Winter wheat may get some relief
Frost may have hurt crop, but rain forecast this afternoon
A freeze of -6 degrees Nov. 11 and another cold night Nov. 12 may have caused damage to sprouting wheat in some fields in the county.
Jeff Naysmith, agronomist with Cooperative Grain and Supply, said the potential for damage exists, but it’s too early to tell.
Depending on when it was planted, the county’s wheat is in three stages: well established, just coming up, or lying in dry soil and waiting for moisture to germinate and emerge.
Naysmith said the biggest potential for damage is with the short wheat that has barely emerged.
“We know from the past that when wheat appears to be damaged, it comes out of it and does fine,” he said. “We’ll have to wait and see.”
Michael Dietz, agronomist with Agri-Trails Coop, said the cold slowed down the growth of the budding crop.
“If it warms back up, it will start to grow again,” he said.
The taller wheat has better root development, and with subsoil moisture, it isn’t in danger of winterkill, Dietz said.
As for the wheat that hasn’t yet emerged, Dietz said some wheat didn’t emerge until spring last year, and it still made 40 bushels per acre.
“With a little more warmth, a little more moisture, and a little more growth before winter, the wheat should be good,” he said.
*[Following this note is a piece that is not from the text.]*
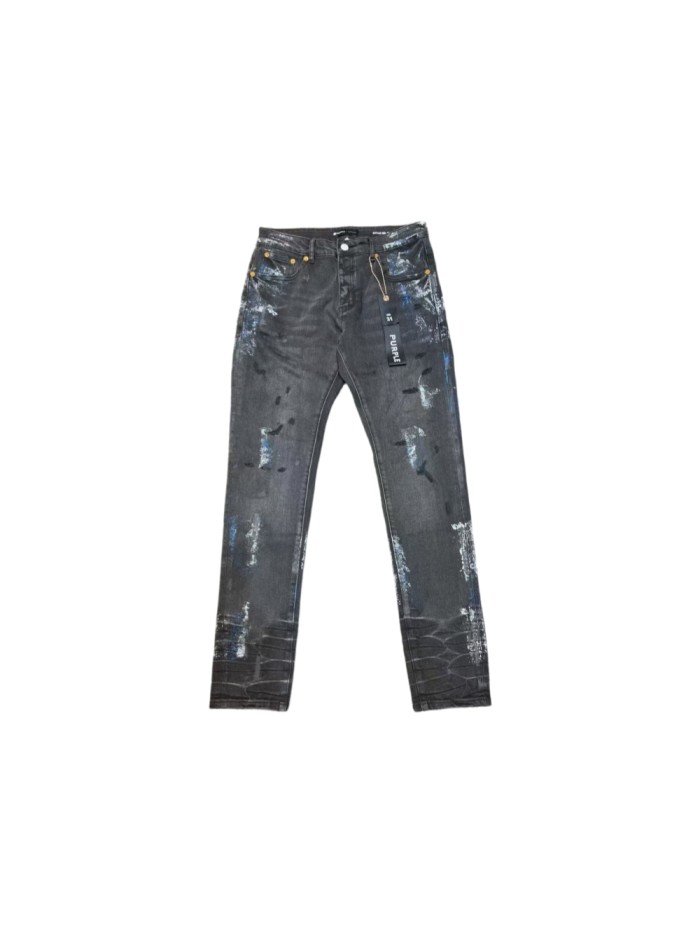Purple Brand 1:1 quality version Coated Silver White Paint Splatter Crinkle Wash Ankle Slim Jeans 29528733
Farmer Kevin Suderman of Hillsboro wasn’t too concerned about his wheat, yet.
“There could be some damage, but it’s early in the season and a lot of other things can happen,” he said.
He was more concerned about the lack of moisture heading into winter.
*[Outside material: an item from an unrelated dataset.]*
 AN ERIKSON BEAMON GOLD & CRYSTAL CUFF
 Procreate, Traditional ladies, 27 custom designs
Monty Stuchlik of Lost Springs said his sons Ross and Daniel were told by a local agronomist that some winterkill has been seen in the area. He said it might be best for the wheat seed to be covered until it receives moisture.
“It would be nice to get a half-inch of rain to get the seed started,” he said.
The two are set to get their wish late this afternoon as thunderstorms arrive in the area, said Eric Schminke, a forecaster with the National Weather Service in Wichita.
“The chances of rain and showers are 60 to 70 percent,” he said. “That’s significant.”
He said the county could get an average of 1/10 an inch of precipitation.
“It won’t be heavy by any means, but it should dampen up the grounds considerably,” Schminke said.
Rain chances diminish by Thursday evening as temperatures are set to drop into the mid-40s and 50s.
Around midnight the rains are expected to change into snowfall – but don’t expect any accumulation that could blanket an emerging crop.
“Do not expect any major ramifications from this light snow,” he said. “We have been quite warm these last couple of days. This will keep surface temperatures warm enough to keep the snow from accumulating.”